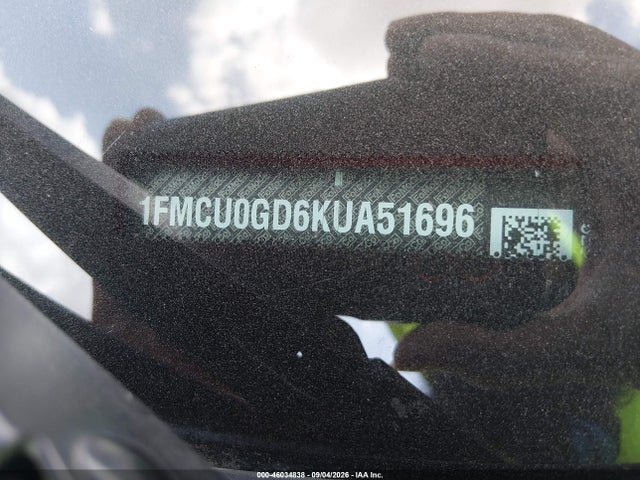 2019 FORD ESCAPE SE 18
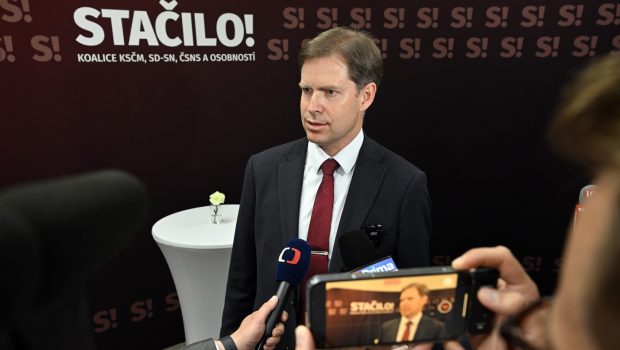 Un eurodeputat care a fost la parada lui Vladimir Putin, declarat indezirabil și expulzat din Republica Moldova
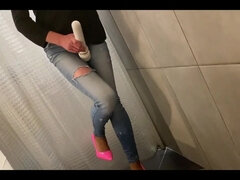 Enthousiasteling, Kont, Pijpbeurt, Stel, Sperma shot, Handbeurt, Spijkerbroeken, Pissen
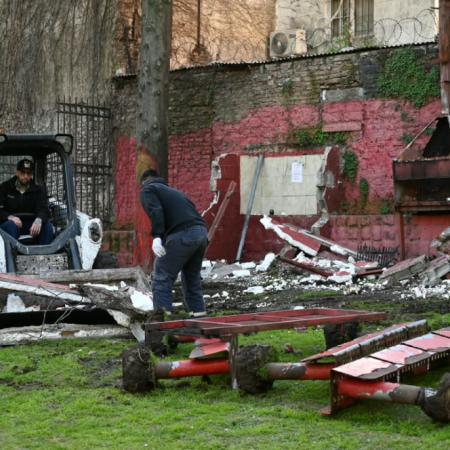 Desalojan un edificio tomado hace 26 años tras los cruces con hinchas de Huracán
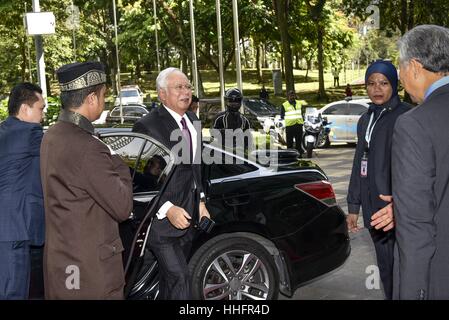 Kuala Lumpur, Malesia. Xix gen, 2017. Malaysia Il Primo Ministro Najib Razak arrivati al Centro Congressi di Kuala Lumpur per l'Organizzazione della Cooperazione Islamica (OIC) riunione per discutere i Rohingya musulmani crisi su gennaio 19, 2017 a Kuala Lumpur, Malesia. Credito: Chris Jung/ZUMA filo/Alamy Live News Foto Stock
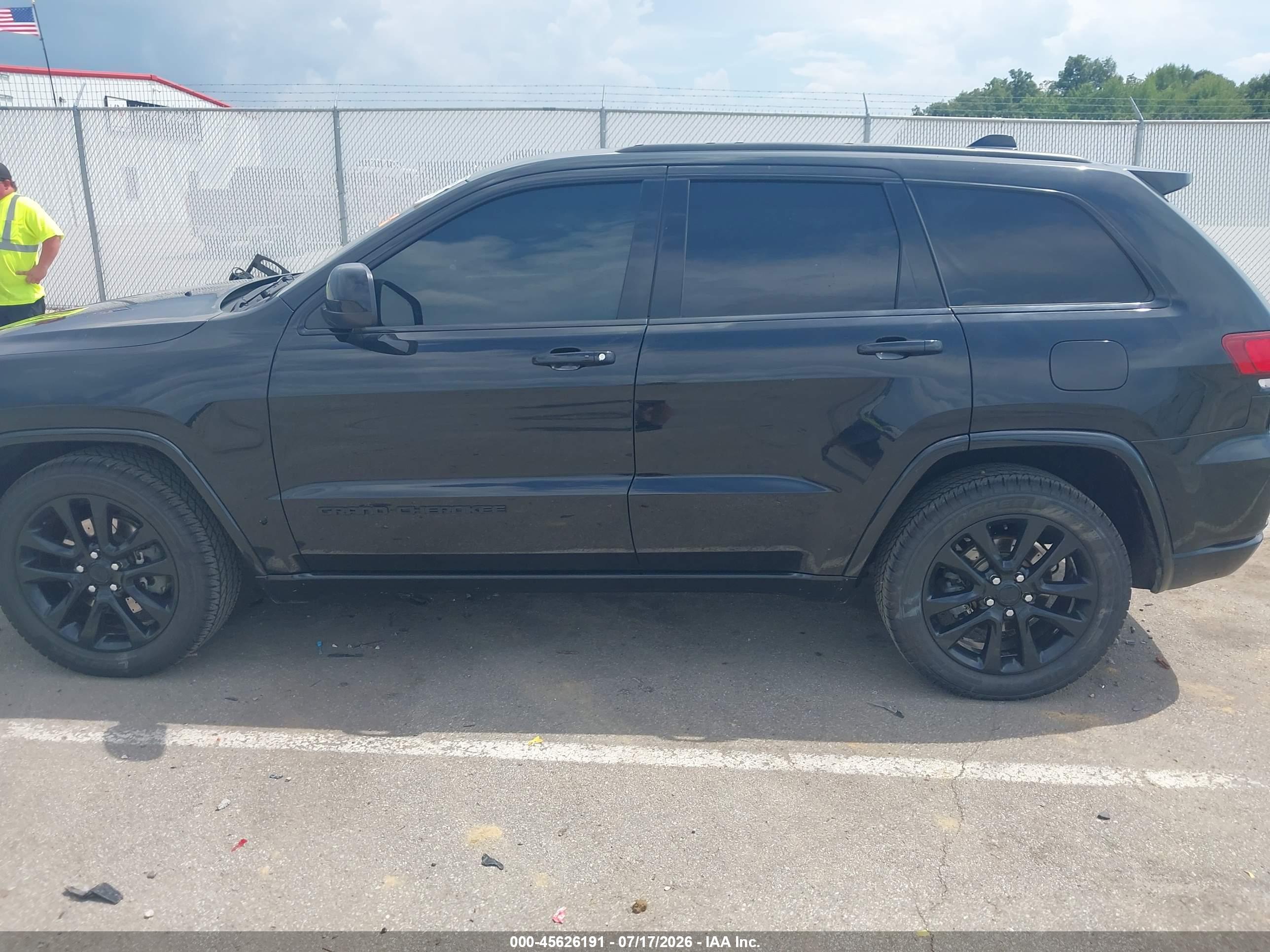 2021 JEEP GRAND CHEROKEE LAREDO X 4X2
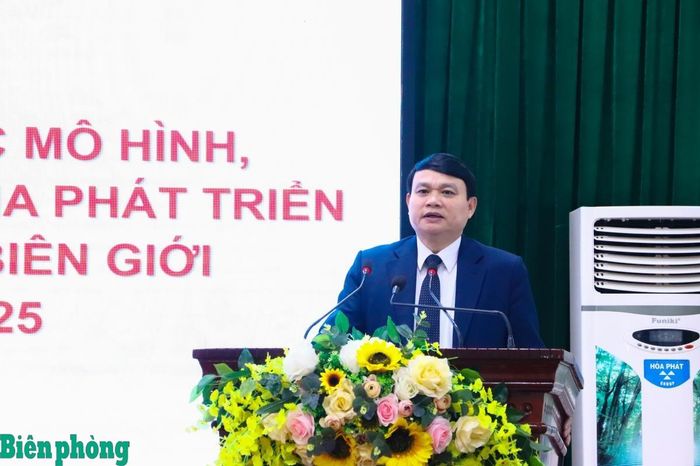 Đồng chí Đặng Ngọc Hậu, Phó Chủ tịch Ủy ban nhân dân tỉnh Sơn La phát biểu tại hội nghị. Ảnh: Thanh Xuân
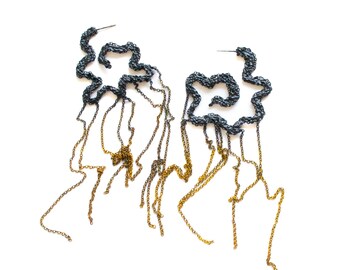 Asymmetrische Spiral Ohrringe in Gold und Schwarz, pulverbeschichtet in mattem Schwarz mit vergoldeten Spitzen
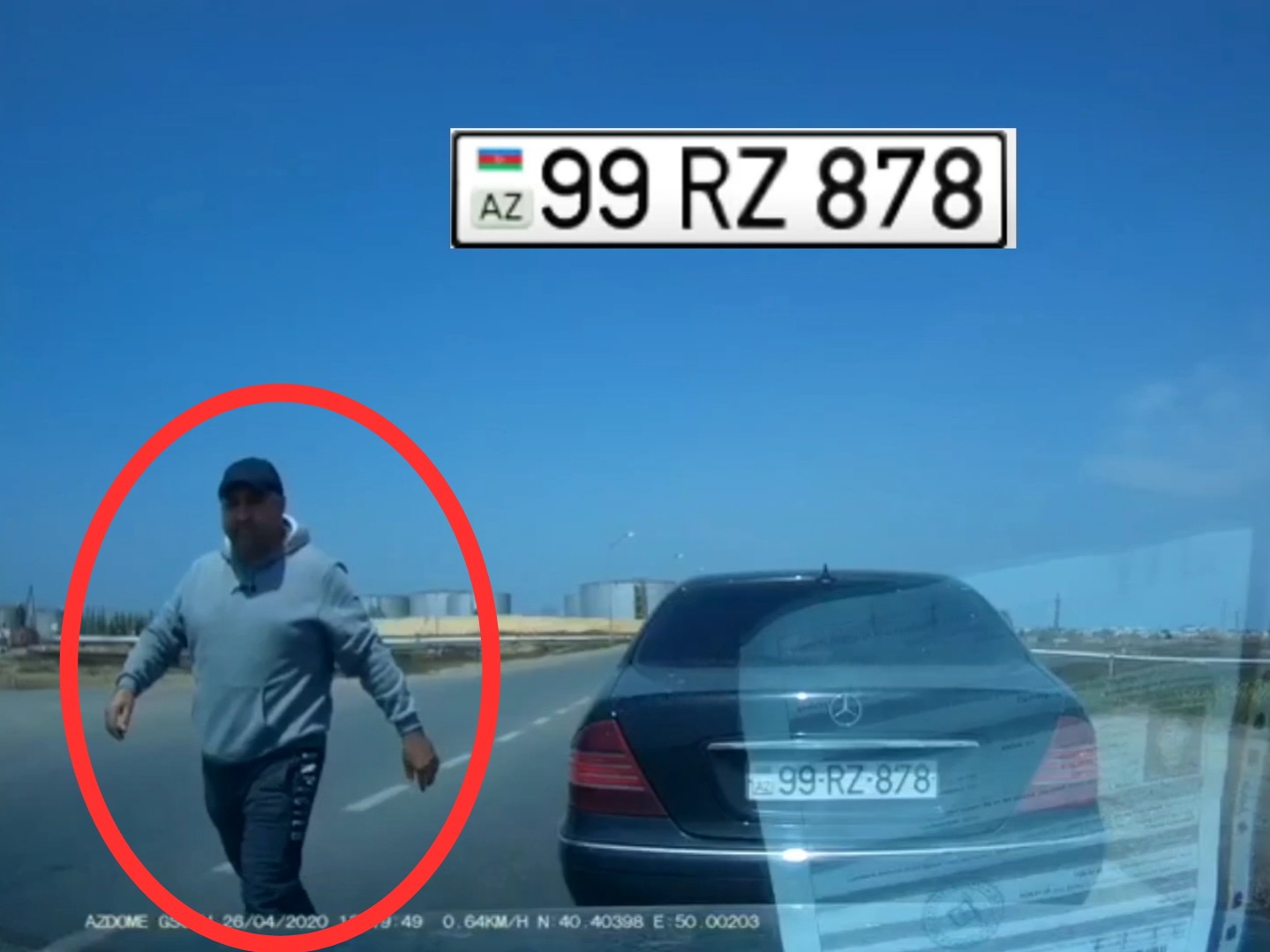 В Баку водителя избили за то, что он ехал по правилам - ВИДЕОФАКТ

=======

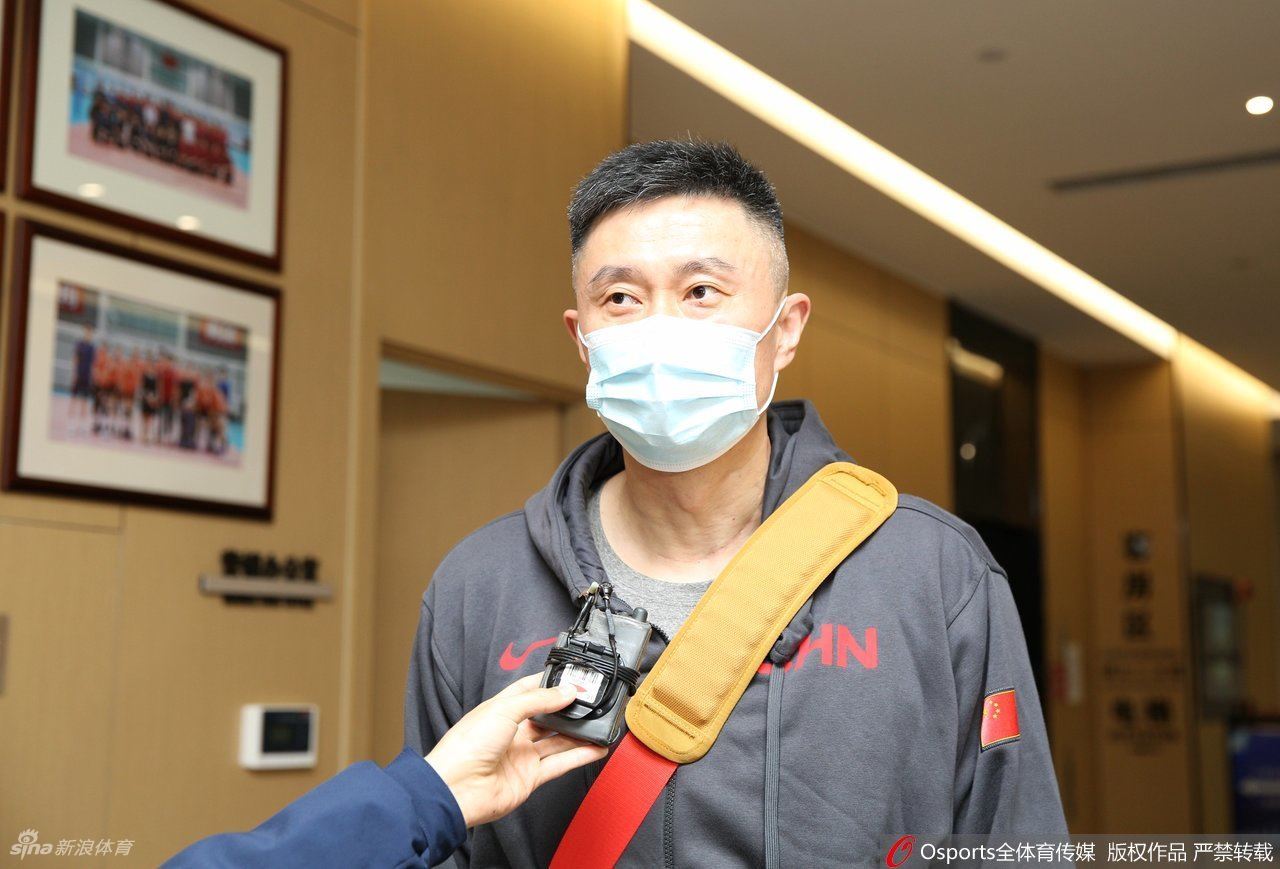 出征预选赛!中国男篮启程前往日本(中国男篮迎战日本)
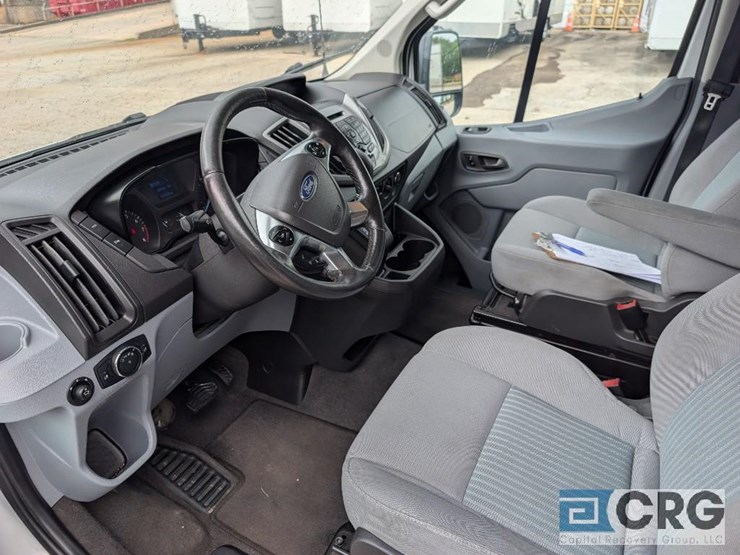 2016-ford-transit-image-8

=======

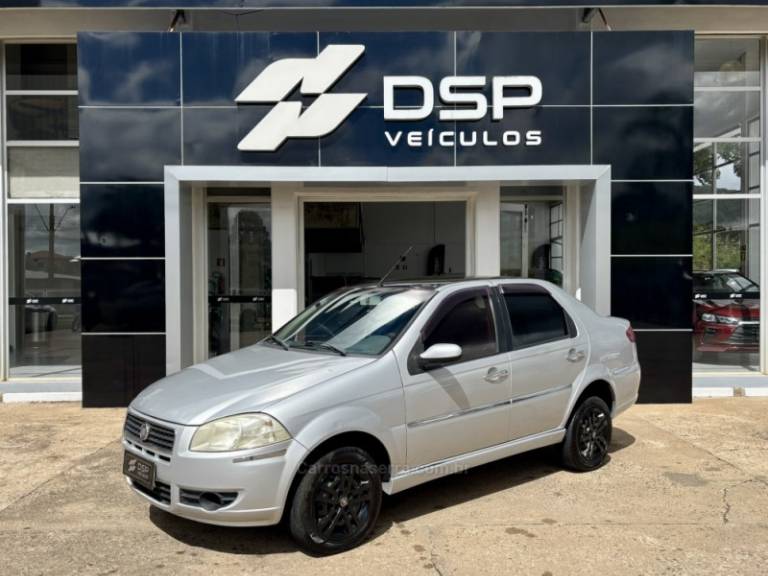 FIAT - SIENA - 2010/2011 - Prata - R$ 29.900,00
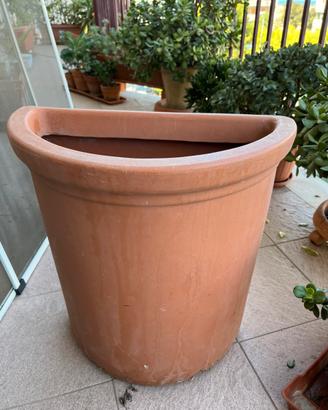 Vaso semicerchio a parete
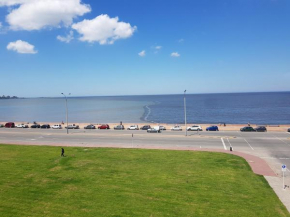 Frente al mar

=======

Each line from the one that contains "出征预选赛!中国男篮启程前往日本(中国男篮迎战日本)" down to the one that contains "2016-ford-transit-image-8" is to be returned exactly as it stands above, both ends included, with pictures removed.

Output:
 出征预选赛!中国男篮启程前往日本(中国男篮迎战日本)
 2016-ford-transit-image-8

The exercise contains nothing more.